- Your goal -
Restate the data word for word. Leave the pictures out.

- Exercise inputs -

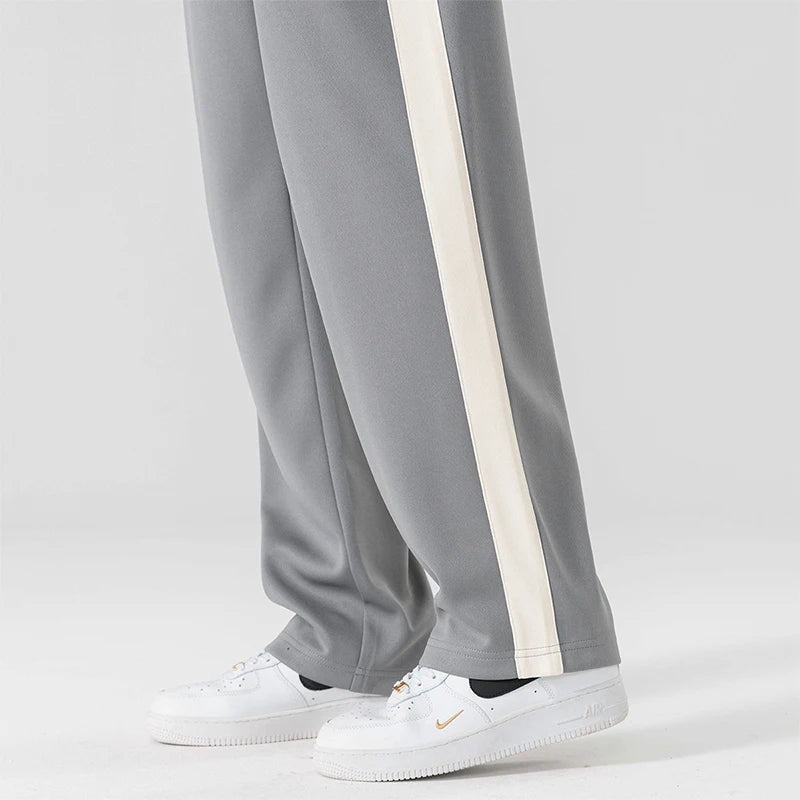 Men's wide-leg joggers with a wide contrast stripe along the outer seam and a drawcord - view 4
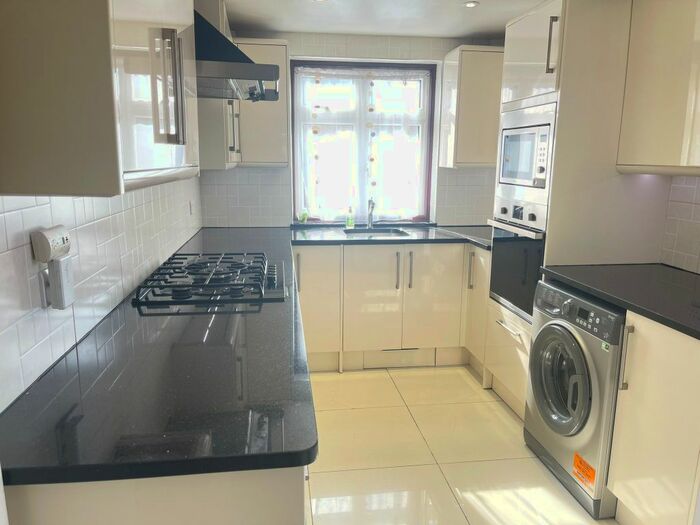 5 Bedroom End Of Terrace House To Rent In North Circular Road, London, NW2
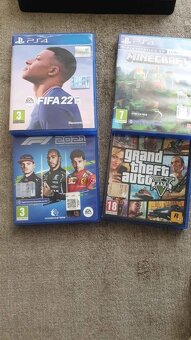 Playstation 4 slim - 4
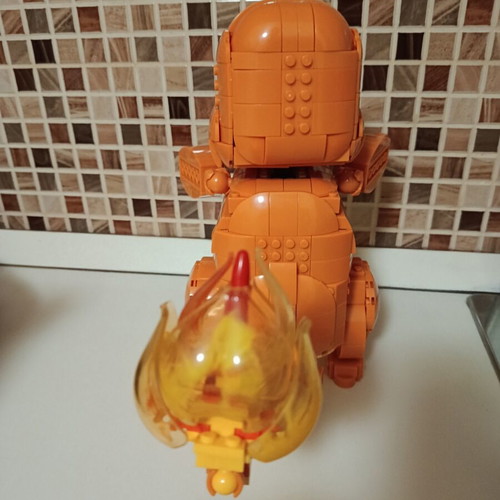 Mega Pokemon Jumbo Charmander figure with 750 compatible bricks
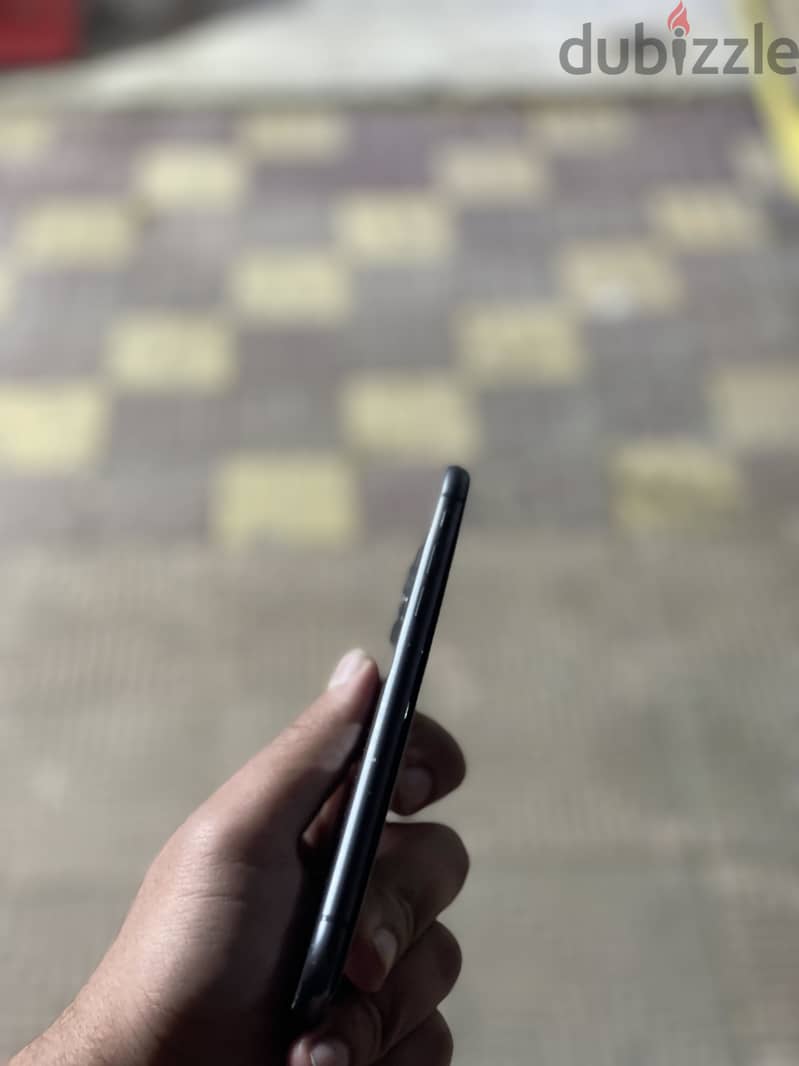 Apple - iPhone 11 1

- Answer area -
 Men's wide-leg joggers with a wide contrast stripe along the outer seam and a drawcord - view 4
 5 Bedroom End Of Terrace House To Rent In North Circular Road, London, NW2
 Playstation 4 slim - 4
 Mega Pokemon Jumbo Charmander figure with 750 compatible bricks
 Apple - iPhone 11 1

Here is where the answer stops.